Types of depth camera
There are a variety of different methods for calculating depth, all with different strengths and weaknesses and optimal operating conditions. Which one you pick will almost certainly depend on what you are trying to build – how far does it need to see? What sort of accuracy do you need? Does it need to operate outdoors? Here’s a quick breakdown of camera types and roughly how each one works.
Structured Light and Coded Light
Structured light and coded light depth cameras are not identical but similar technologies. They rely on projecting light (usually infrared light) from some kind of emitter onto the scene. The projected light is patterned, either visually or over time, or some combination of the two. Because the projected pattern is known, how the sensor in the camera sees the pattern in the scene provides the depth information. For example, if the pattern is a series of stripes projected onto a ball, the stripes would deform and bend around the surface of the ball in a specific way.
If the ball moves closer to the emitter, the pattern would change too. Using the disparity between an expected image and the actual image viewed by the camera, distance from the camera can be calculated for every pixel. The Intel® RealSense™ SR300 line of devices are coded light cameras. Because this technology relies on accurately seeing a projected pattern of light, coded and structured light cameras do best indoors at relatively short ranges (depending on the power of the light emitted from the camera). Another issue with systems like this is that they are vulnerable to other noise in the environment from other cameras or devices emitting infrared. Ideal uses for coded light cameras are things like gesture recognition or background segmentation (also known as virtual green screen).
The new Intel® RealSense™ Depth Camera SR305 is a coded light depth camera and is a great place for people who are beginners to depth to start experimenting with depth development. As a short range indoor camera it is the perfect low risk place to get started. Since it uses the Intel® RealSense™ SDK 2.0, any code you write or anything you develop with this camera will also work with all the other depth cameras in the Intel RealSense product lines, enabling you to upgrade from short range indoor to longer range, higher resolution or outdoor cameras.
Learn more Buy SR300
Stereo Depth
Stereo depth cameras also often project infrared light onto a scene to improve the accuracy of the data, but unlike coded or structured light cameras, stereo cameras can use any light to measure depth. For a stereo camera, all infrared noise is good noise. Stereo depth cameras have two sensors, spaced a small distance apart. A stereo camera takes the two images from these two sensors and compares them. Since the distance between the sensors is known, these comparisons give depth information. Stereo cameras work in a similar way to how we use two eyes for depth perception. Our brains calculate the difference between each eye. Objects closer to us will appear to move significantly from eye to eye (or sensor to sensor), where an object in the far distance would appear to move very little.
Because stereo cameras use any visual features to measure depth, they will work well in most lighting conditions including outdoors. The addition of an infrared projector means that in low lighting conditions, the camera can still perceive depth details. The Intel® RealSense™ D400 series cameras are stereo depth cameras. The other benefit of this type of depth camera is that there are no limits to how many you can use in a particular space – the cameras don’t interfere with each other in the same way that a coded light or time of flight camera would.

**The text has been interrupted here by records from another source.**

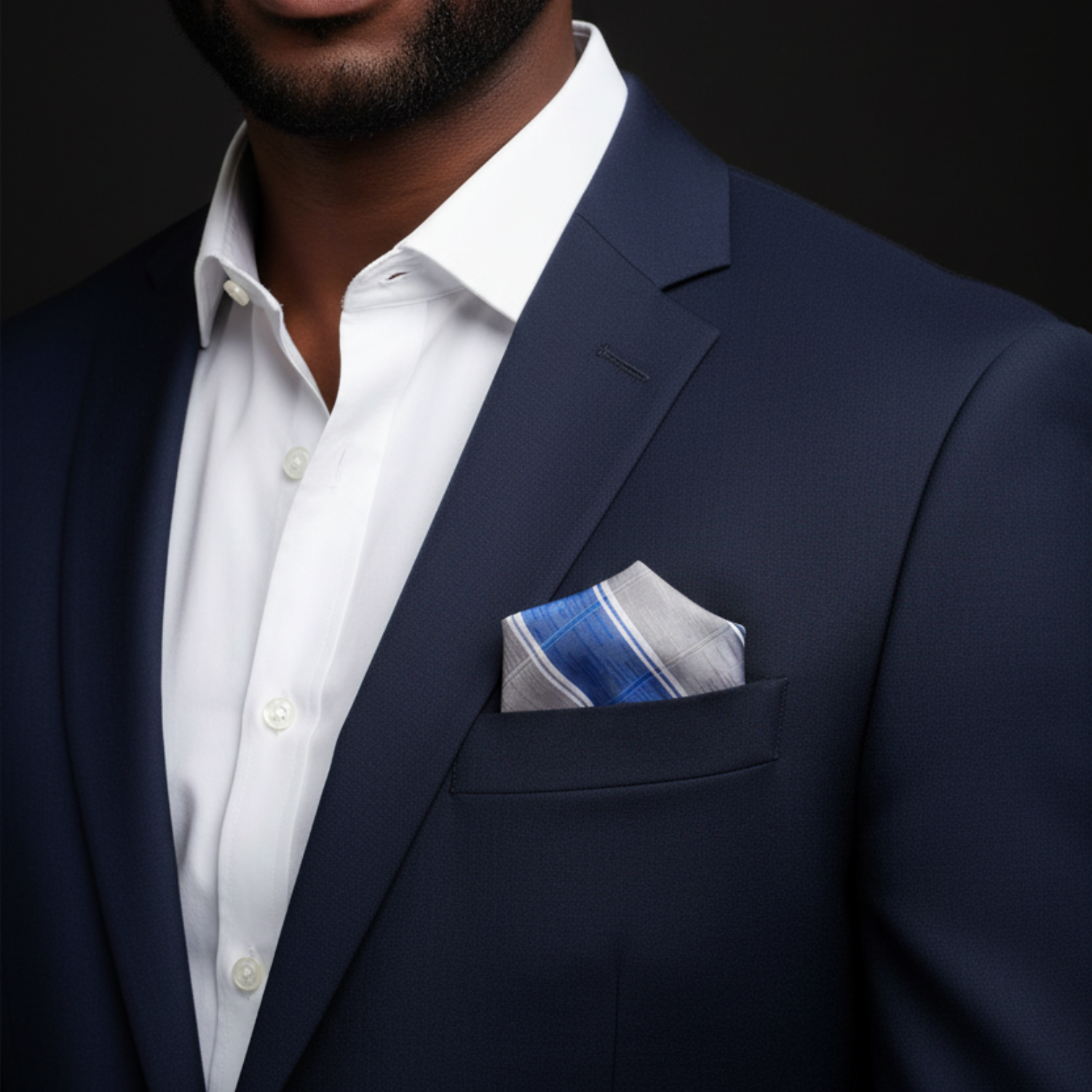 Man wearing a navy suit with a white shirt and patterned pocket square on a black background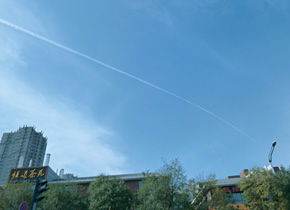The beautiful blue sky in Xian, where contrails left by airplanes can be seen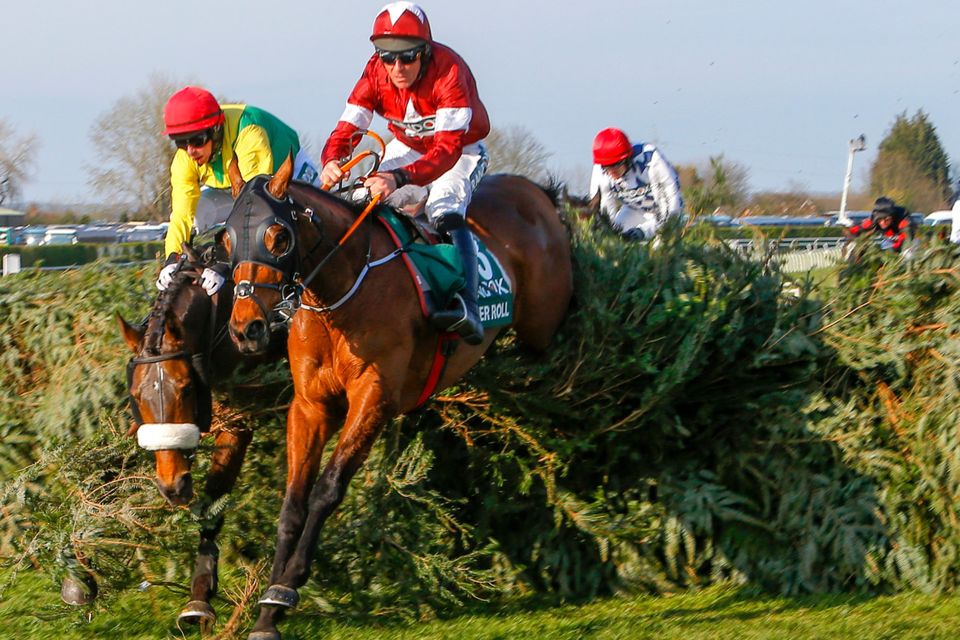 Tiger Roll, with Davy Russell on board, on the way to winning The Randox Health Grand National Handicap Chase at Aintree last April
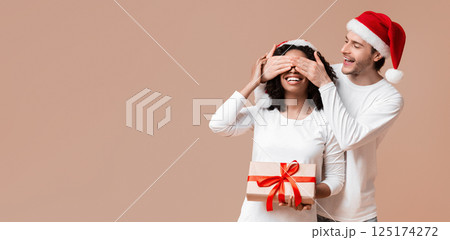 Romantic Boyfriend Covering Eyes of His Afro Girlfriend And Giving New Year Or Christmas Present, Making Surprise. Yellow Background With Free Space 125174272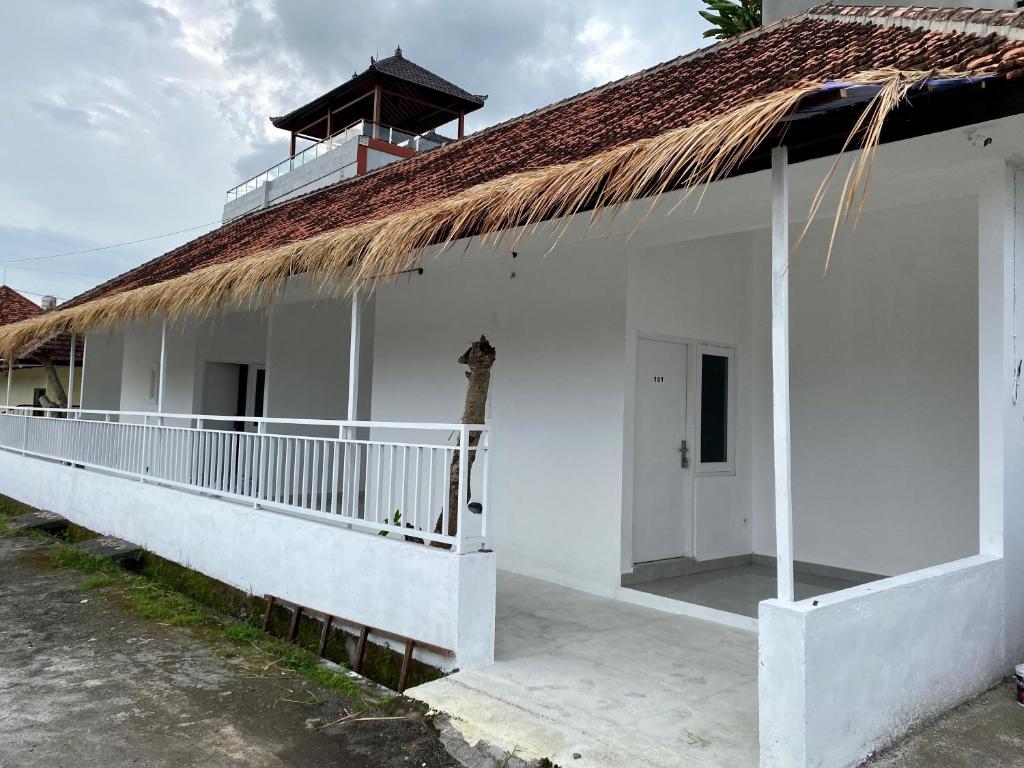 a white building with a thatch roof at My Capsule Canggu in Canggu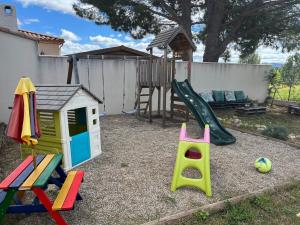 a playground with a slide and a play house at Villa au calme avec piscine in Saint-Jean-de-Fos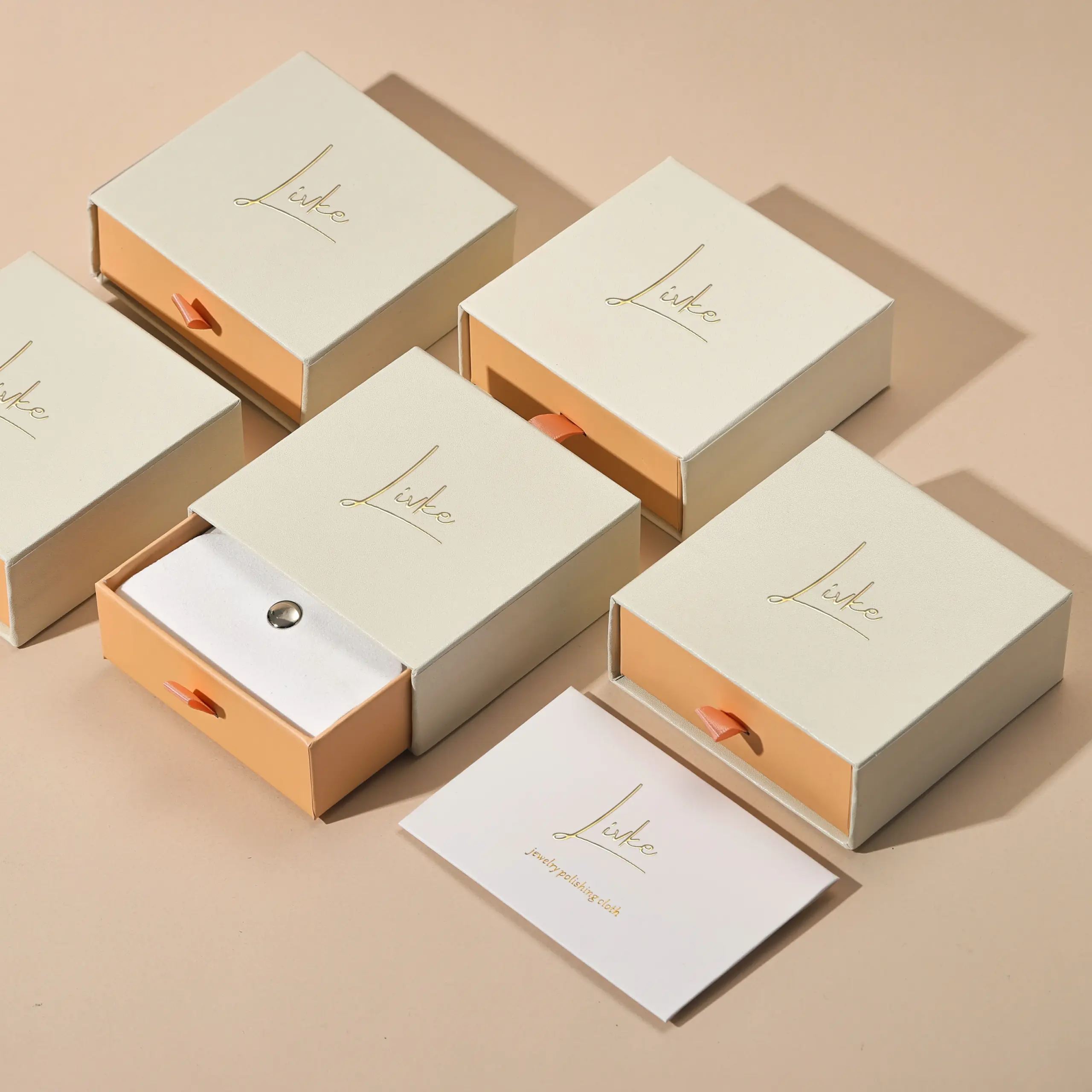 gold-foil-jewelry-care-set-flatlay (2) Beige drawer box open with polishing cloth, necklace and ring on velvet background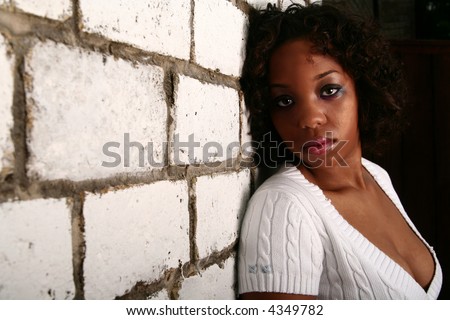 african american girl with innocent look showing blank expression leaning her back to white brick wall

The distance these cameras can measure is directly related to how far apart the two sensors are – the wider the baseline is, the further the camera can see. In fact, astronomers use a very similar technique to measure the distance of faraway stars, by measuring the position of a star in the sky at one point in time, and then measuring that same star six months later when the earth is at the furthest point in its orbit from the original measuring point. In this way, they can calculate the distance (or depth of the star) using a baseline of around 300 million kilometers.
Time of Flight and LiDAR
Each kind of depth camera relies on known information in order to extrapolate depth. For example, in stereo, the distance between sensors is known. In coded light and structured light, the pattern of light is known. In the case of time of flight, the speed of light is the known variable used to calculate depth. LiDAR sensors, which you may be familiar with from things like self-driving cars are a type of time of flight camera which use laser light to calculate depth. All types of time of flight device emit some kind of light, sweep it over the scene, and then time how long that light takes to get back to a sensor on the camera. Depending on the power and wavelength of the light, time of flight sensors can measure depth at significant distances – for example, being used to map terrain from a helicopter.
The primary disadvantage of time of flight cameras is that they can be susceptible to other cameras in the same space and can also function less well in outdoor conditions. Any situation where the light hitting the sensor may not have been the light emitted from the specific camera but could have come from some other source like the sun or another camera can degrade the quality of the depth image.
The new Intel® RealSense™ LiDAR Camera L515 is a new type of time-of-flight or LiDAR based camera. While most types of LiDAR devices have mechanical systems which spin around to sweep the environment with light which is then detected, the L515 uses a proprietary miniaturized scanning technology. This technology allows the L515 to be the world’s smallest high resolution LiDAR depth camera.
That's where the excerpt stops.